Jerry Dallal <[EMAIL PROTECTED]> wrote in sci.stat.edu:
(responding to my request for clarification)
>Your language is imprecise, which allows for wiggle room. Your statement 
>may or may not be correct.  It is incorrect to talk about the probability 
>that a particular realization of a confidence interval contains the 
>parameter of interest.  For example, it is incorrect to say, for example, 
>that P(17.6<=mu<=22.3) = 0.95.  In a frequentist context,
>[snip...] There are only 
>realizations of random variables, no longer subject to probability 
>statments.

Thanks for the explanation. I think I begin to see the issue; let me 
make an analogy to see if I understand your point.

Take a golf course, and divide it into a grid of 1-meter squares. 
Consider one particular square. Then before the golfer swings at the 
ball, there is a probability that the ball will land in that square. 
(The probability might be found by historical experience; obviously 
it would not be calculated a priori!) But after the ball has come to 
earth, it is either in that square or not; there is no longer any 
sense to talking about the probability. Is that what you are saying?
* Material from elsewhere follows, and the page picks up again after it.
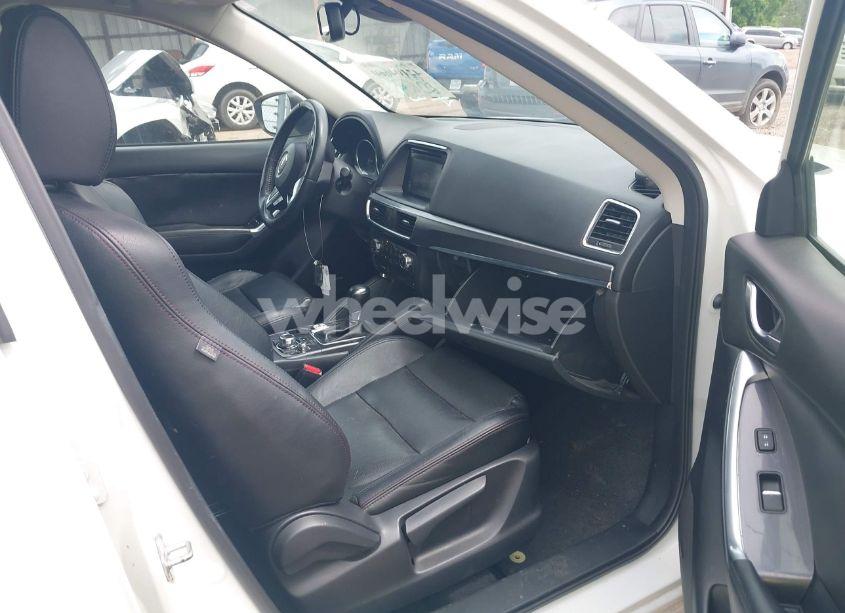 Photo 5 of 2016 Mazda Cx-5 GRAND TOURING (VIN JM3KE2DY8G0629433)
Coming back to the CI, I think you are saying that once a particular 
confidence interval is selected, either it definitely contains the 
true population parameter or it definitely does not. But once the 
CI is selected it is no longer meaningful to talk about the 
probability that it contains the population parameter. We can say, 
"Well, the process by which we found this CI does bracket the mean 
95 times out of 100", but we can not make a probabilistic statement 
about this particular confidence interval.

Is that more or less it? (I'm trying to steer here between simply 
repeating your precise language to my students, most of whom I think 
would be lost by it, and using unacceptably imprecise language.)

>Have another look at the example involving the 50% CI for theta in the 
>U(theta-1, theta+1) distribution that I posted earlier.  It shows how it's 
>possible to have 50% CIs that *must* contain the parameter of interest.

I confess I kind of buzzed past it on first reading. As I ponder it 
in light of your recent explanation I think I now understand.

-- 
Stan Brown, Oak Road Systems, Cortland County, New York, USA
                                  http://OakRoadSystems.com/
"My theory was a perfectly good one. The facts were misleading."
                                   -- /The Lady Vanishes/ (1938)
.
.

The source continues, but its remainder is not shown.